Hamdan did look a little guilty. He rubbed at his eye wearily.
‘And you’re very serious for a young man,’ he grunted.
That was true. Yulan had been serious for a child, serious a youth. Nothing had changed yet, if it ever would. He had always felt, from his earliest years, that there was a bigger world beyond his homeland. One where greater deeds and consequences awaited him. He had followed the scent of them north, out of the wastes. To the Free.
‘But you’re right,’ Hamdan continued. ‘I didn’t mean it the way it sounded. It’s been a bad day. You’ve had solid ground under your feet. Me? I’ve been stuck out here with only the waves for company.’
He wobbled his hand in imitation of the rocking sea and grimaced.
‘True, though, isn’t it?
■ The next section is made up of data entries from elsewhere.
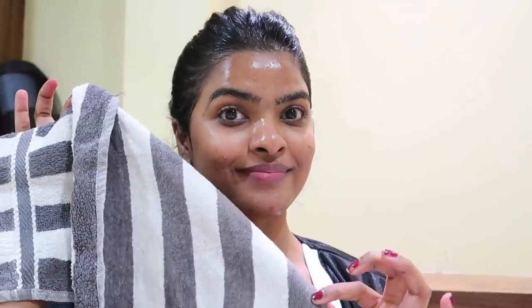After washing my face, I'm going to use my own face towel which I brought from home. If I go anywhere, I take my face towel and I'm going to pat dry my skin. My face already looks very cleansed and refreshed.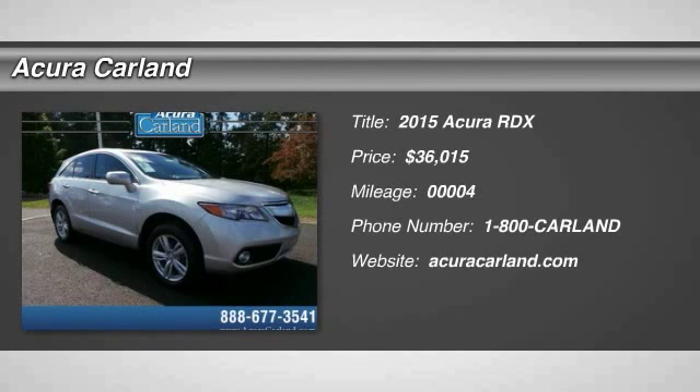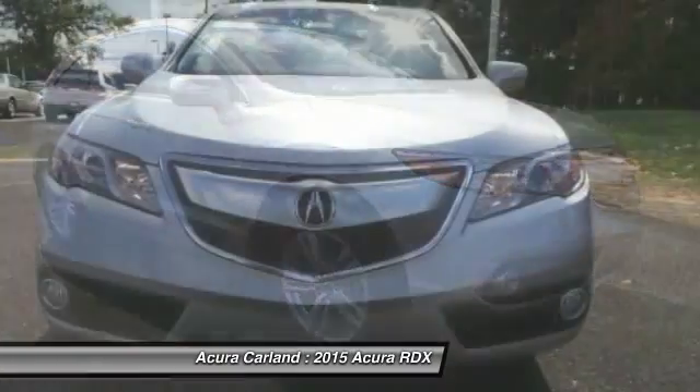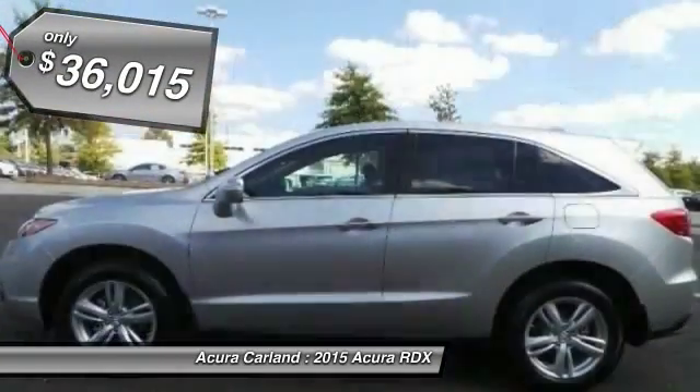The 2015 RDX, viewed as Acura's answer to BMW's sporty X3, offers a stylish interior, plenty of sport, and a nice amount of utility, and is priced below $40,000.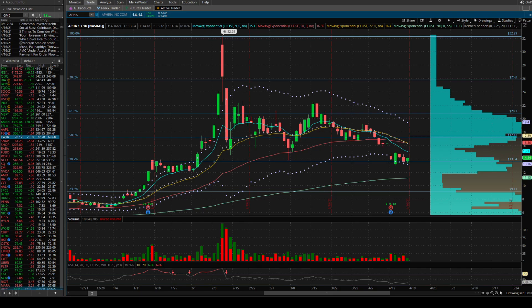Aphria is going through their merger stuff right now — shareholders approved it but there was pushback to vote until April 30th, so we're about two weeks out from that decision. Aphria had its earnings on Monday, so here we're just going to look at daily and weekly charts using Keltner channels, EMAs, and standard deviation bands.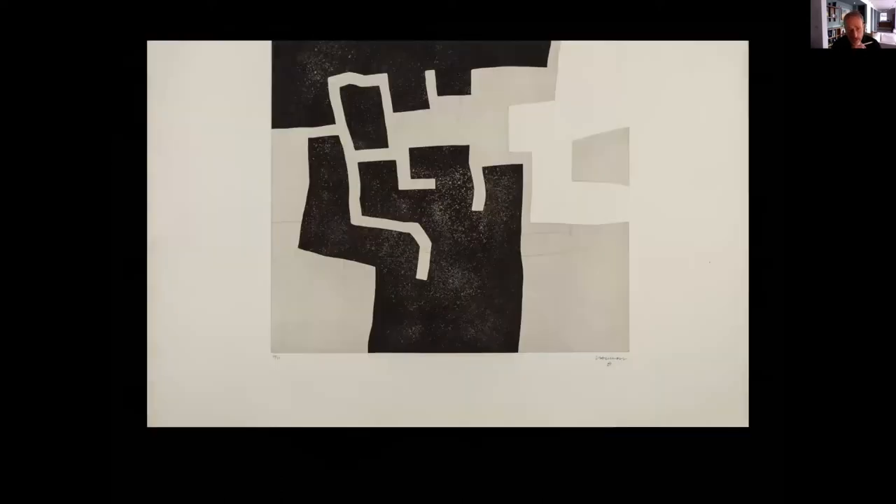The second idea I'll touch on is the idea of progression or journey through a scheme, which I think can make a massive difference — perhaps even more so in smaller schemes. This is an engraving by Eduardo Chillida, a Basque architect and sculptor. As an architect it's very hard not to see this as a plan or a piece of townscape — to read the character of different spaces as you travel through them: routes and stopping points, places that widen out, different character and feel of each.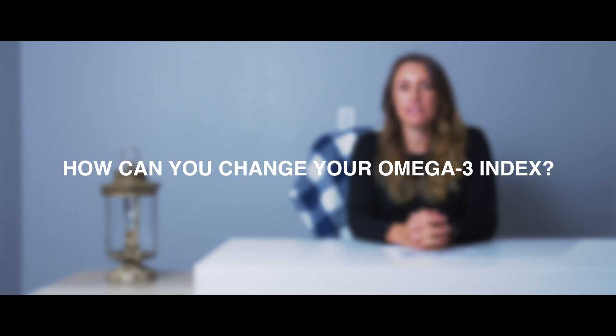Changing your omega-3 index is easy and safe and can be relatively inexpensive. Omega-3s, EPA and DHA, are found in fish and other marine life.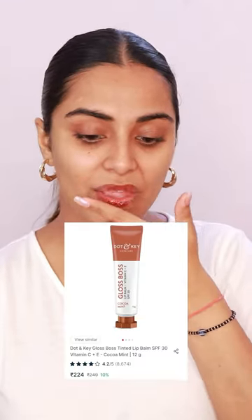I will tag all the lip balms in the view product list for you guys. And fourth is my all-time favorite Doughton Key Gloss Boss Tinted Lip Balm in Cocomint flavor. It has amazing ingredients such as Vitamin C, Vitamin E, and SPF 30. It has a glossy finish, it's very pigmented, and I just love this brown tint.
If the Free turning up at his door isn’t enough to frighten this Kottren off, him being stupid enough to try for a tithe’s about the least painful way out of this I can see.’
‘He’s not nearly as scared of us as he ought to be, that’s for sure.’
‘How many swords did you count?’ Hamdan asked.
‘Twenty-three. Could easily be the same again out of sight.’
‘Who wins, if it’s you and me against fifty of them?’
Yulan shook his head.
‘Before the Orphanidon showed up on the game board, I’d have said us. Now? Maybe still us? Unless Lake’s telling the truth and there’s even worse than him waiting for us. I tell you, though, it might be Kottren Malak needs killing more than any man I’ve ever met.’
‘Oh, you’re young,’ smiled Hamdan ruefully. ‘The world’s got far, far worse than Kottren Malak in its quiver. You carry on the way you’re going, might be you even get the chance to kill some of them. Just make sure you’re getting paid well to try it, because they’re the ones liable to kill you right back.’
A slab of the hard, grainy bread that passed for food on the boat landed suddenly in Yulan’s lap. He started and looked up at Corena.
‘Not much to eat, but us tithe-fruit make do with what we have,’ she said as she threw another to – or perhaps at – Hamdan.